▶ _HOW TO COMPLETE THIS TASK_
Your task is to reproduce, exactly and only, the lines running from the line containing "Le Mans 24 Hours - Class qualifying times" to the end of the data below, both included.

▶ _DATASET CONTENT_
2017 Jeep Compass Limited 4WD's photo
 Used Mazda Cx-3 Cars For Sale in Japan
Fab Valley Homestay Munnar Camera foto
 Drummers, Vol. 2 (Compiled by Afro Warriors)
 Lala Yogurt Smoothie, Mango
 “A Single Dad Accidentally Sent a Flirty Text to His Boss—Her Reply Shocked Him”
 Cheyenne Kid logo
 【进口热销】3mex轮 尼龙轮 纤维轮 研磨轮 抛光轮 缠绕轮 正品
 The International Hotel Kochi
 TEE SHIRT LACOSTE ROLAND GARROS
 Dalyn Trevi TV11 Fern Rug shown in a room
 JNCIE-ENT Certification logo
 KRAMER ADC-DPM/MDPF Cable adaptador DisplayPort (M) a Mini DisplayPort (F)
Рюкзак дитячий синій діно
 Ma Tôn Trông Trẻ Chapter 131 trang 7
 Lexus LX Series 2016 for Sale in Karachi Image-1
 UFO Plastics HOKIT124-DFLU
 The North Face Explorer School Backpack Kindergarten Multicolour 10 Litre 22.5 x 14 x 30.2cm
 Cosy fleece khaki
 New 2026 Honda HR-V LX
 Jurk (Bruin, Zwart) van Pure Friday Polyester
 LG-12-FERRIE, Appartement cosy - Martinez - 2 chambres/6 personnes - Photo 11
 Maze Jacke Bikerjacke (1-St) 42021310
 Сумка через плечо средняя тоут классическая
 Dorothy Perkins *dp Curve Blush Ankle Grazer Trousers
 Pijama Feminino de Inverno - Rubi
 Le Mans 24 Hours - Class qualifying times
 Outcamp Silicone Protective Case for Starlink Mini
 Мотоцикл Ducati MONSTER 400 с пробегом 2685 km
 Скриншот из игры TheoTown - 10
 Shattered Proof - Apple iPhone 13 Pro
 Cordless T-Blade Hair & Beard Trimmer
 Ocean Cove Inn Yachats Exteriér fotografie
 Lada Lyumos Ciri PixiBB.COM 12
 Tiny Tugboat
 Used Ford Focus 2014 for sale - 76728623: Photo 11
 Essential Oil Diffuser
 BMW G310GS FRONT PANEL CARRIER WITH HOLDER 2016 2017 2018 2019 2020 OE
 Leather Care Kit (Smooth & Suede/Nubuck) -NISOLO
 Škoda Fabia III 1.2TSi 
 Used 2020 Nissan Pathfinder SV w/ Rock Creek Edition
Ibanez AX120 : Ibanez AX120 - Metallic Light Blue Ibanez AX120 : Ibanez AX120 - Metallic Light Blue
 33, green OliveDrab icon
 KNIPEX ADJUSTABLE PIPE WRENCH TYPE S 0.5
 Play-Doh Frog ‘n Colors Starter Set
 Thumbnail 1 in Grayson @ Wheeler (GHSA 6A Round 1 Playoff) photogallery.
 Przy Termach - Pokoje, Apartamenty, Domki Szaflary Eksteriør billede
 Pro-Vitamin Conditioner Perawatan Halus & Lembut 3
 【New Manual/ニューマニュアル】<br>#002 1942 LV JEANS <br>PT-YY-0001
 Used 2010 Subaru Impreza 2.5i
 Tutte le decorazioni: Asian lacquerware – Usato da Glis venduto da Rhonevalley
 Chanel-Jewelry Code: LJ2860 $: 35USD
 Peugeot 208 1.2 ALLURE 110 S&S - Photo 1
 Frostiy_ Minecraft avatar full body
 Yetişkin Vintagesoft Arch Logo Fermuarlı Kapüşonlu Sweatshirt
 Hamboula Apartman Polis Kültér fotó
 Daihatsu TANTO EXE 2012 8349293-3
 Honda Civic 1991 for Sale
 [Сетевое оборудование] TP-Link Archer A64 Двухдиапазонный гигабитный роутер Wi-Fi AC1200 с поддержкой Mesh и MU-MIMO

▶ _ANSWER TO THIS PROBLEM_
 Le Mans 24 Hours - Class qualifying times
 Outcamp Silicone Protective Case for Starlink Mini
 Мотоцикл Ducati MONSTER 400 с пробегом 2685 km
 Скриншот из игры TheoTown - 10
 Shattered Proof - Apple iPhone 13 Pro
 Cordless T-Blade Hair & Beard Trimmer
 Ocean Cove Inn Yachats Exteriér fotografie
 Lada Lyumos Ciri PixiBB.COM 12
 Tiny Tugboat
 Used Ford Focus 2014 for sale - 76728623: Photo 11
 Essential Oil Diffuser
 BMW G310GS FRONT PANEL CARRIER WITH HOLDER 2016 2017 2018 2019 2020 OE
 Leather Care Kit (Smooth & Suede/Nubuck) -NISOLO
 Škoda Fabia III 1.2TSi 
 Used 2020 Nissan Pathfinder SV w/ Rock Creek Edition
Ibanez AX120 : Ibanez AX120 - Metallic Light Blue Ibanez AX120 : Ibanez AX120 - Metallic Light Blue
 33, green OliveDrab icon
 KNIPEX ADJUSTABLE PIPE WRENCH TYPE S 0.5
 Play-Doh Frog ‘n Colors Starter Set
 Thumbnail 1 in Grayson @ Wheeler (GHSA 6A Round 1 Playoff) photogallery.
 Przy Termach - Pokoje, Apartamenty, Domki Szaflary Eksteriør billede
 Pro-Vitamin Conditioner Perawatan Halus & Lembut 3
 【New Manual/ニューマニュアル】<br>#002 1942 LV JEANS <br>PT-YY-0001
 Used 2010 Subaru Impreza 2.5i
 Tutte le decorazioni: Asian lacquerware – Usato da Glis venduto da Rhonevalley
 Chanel-Jewelry Code: LJ2860 $: 35USD
 Peugeot 208 1.2 ALLURE 110 S&S - Photo 1
 Frostiy_ Minecraft avatar full body
 Yetişkin Vintagesoft Arch Logo Fermuarlı Kapüşonlu Sweatshirt
 Hamboula Apartman Polis Kültér fotó
 Daihatsu TANTO EXE 2012 8349293-3
 Honda Civic 1991 for Sale
 [Сетевое оборудование] TP-Link Archer A64 Двухдиапазонный гигабитный роутер Wi-Fi AC1200 с поддержкой Mesh и MU-MIMO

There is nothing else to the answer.